C’est donc une très grave question de savoir si le libéralisme espagnol a prudemment agi en affaiblissant un principe qui, dans ces conditions, ne pouvait plus être un danger et pouvait être une force. Les meilleurs esprits semblent hésiter à cet égard, et de là, sans doute, les interprétations si diverses et si contradictoires que reçoit en Espagne la loi sur l’aliénation des majorats, dont le texte et l’esprit ne sont pourtant pas douteux. Ce conflit de jurisprudences est assez bien discuté dans une brochure anonyme que nous avons sous les yeux[1], et qui sera consultée par quiconque s’intéresse à cette question presque vitale pour nos voisins.

Mais voici qui nous touche de plus près. L’Espagne doit un peu à tout le monde, et, à ce titre seul, M. Moron, qui nous donne des nouvelles de notre créance, serait le bienvenu. Malheureusement, ses rapports sont quelque peu passionnés. M. Moron est un de ces conservateurs déclassés qui passent leur vie politique à la poursuite de ce difficile problème : cumuler les profits du gouvernementalisme avec les honneurs de l’opposition. De là, dans son livre[2], un singulier amalgame d’idées pratiques et de lieux-communs faux et déclamatoires. Rien de plus aisé, par exemple, que de déplorer, comme le fait M. Moron, l’insignifiance des allocations consacrées, de l’autre côté des Pyrénées, aux travaux publics ; rien de plus légitime même que ce regret.

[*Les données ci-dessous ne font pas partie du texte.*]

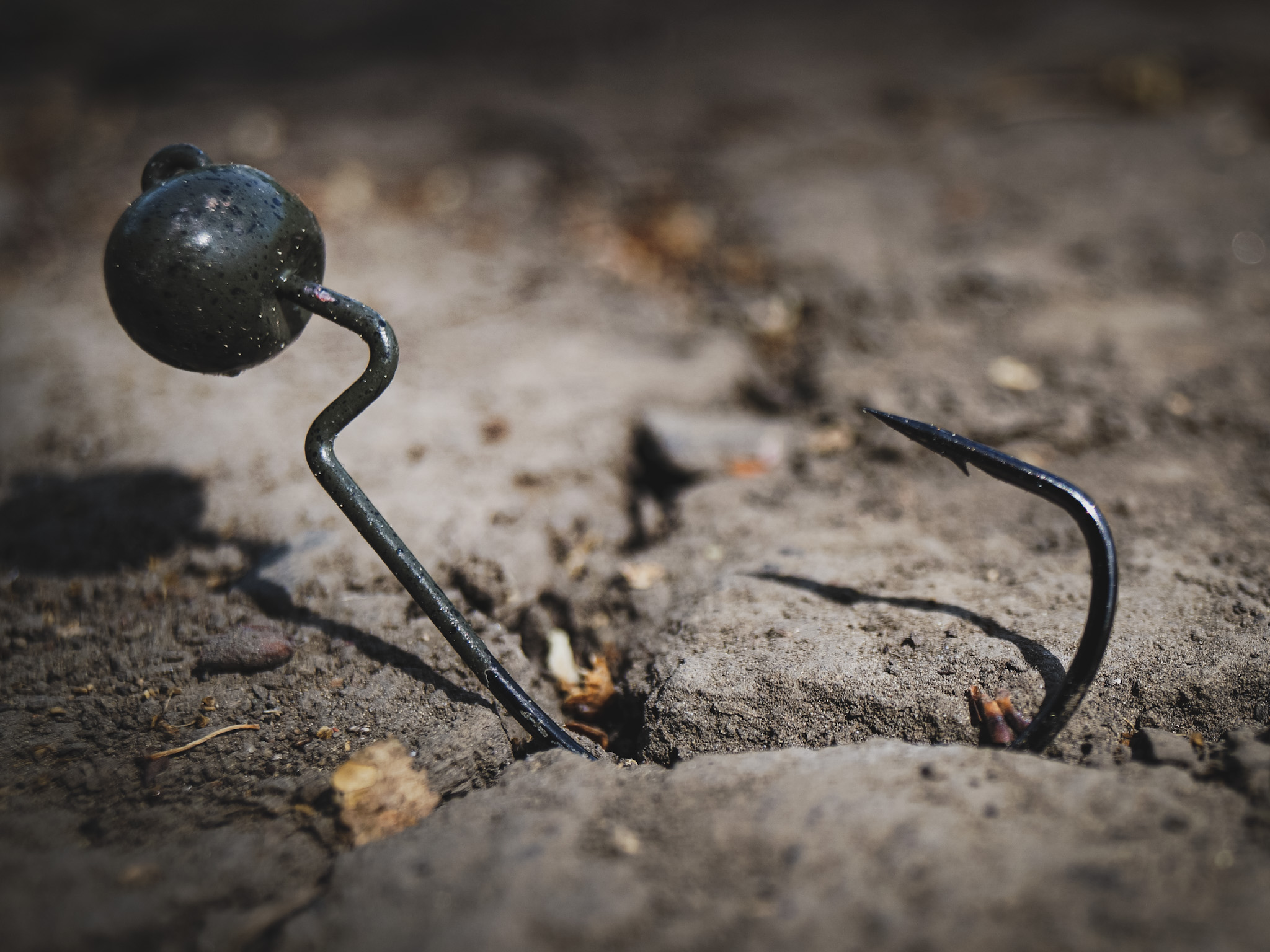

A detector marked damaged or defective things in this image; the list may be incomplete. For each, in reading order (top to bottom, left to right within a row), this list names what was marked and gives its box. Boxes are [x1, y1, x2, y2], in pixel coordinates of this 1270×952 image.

bent wire keeper [103, 143, 590, 759]
bent wire keeper [863, 407, 1111, 754]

Si le gouvernement de Louis-Philippe, rien qu’en perfectionnant les voies de communication, a pu augmenter le bien-être de la France, et par suite les recettes du trésor d’environ 45 pour 100, que ne produirait pas une politique analogue en Espagne, où il y a infiniment plus à faire sous ce rapport ? Mais reste toujours la question d’exécution. Pour subventionner largement les travaux publics, il faut de deux choses l’une : ou un excédant de recettes en caisse, et M. Gonzalo Moron crie tout le premier sur les toits que le trésor espagnol est en déficit, ou bien un emprunt, qui, dans la situation actuelle des finances, serait forcément usuraire et aggraverait ce même déficit que M. Gonzalo Moron voudrait à tout prix voir combler. M. Moron adjure d’ailleurs quelque part le gouvernement de s’affranchir de la tutelle des hommes d’argent, et malheureusement il n’y a que les hommes d’argent qui en prêtent.

  1. Cuuestion legal sobre et derecho de demandar bienes de los mayorazgos, etc. ; Madrid, 1849. Imprenta del Clamor publico.
  2. Estudios sobre la hacienda y la administracion de España : Madrid, 1849. Imprenta de la biblioteca del Siglo.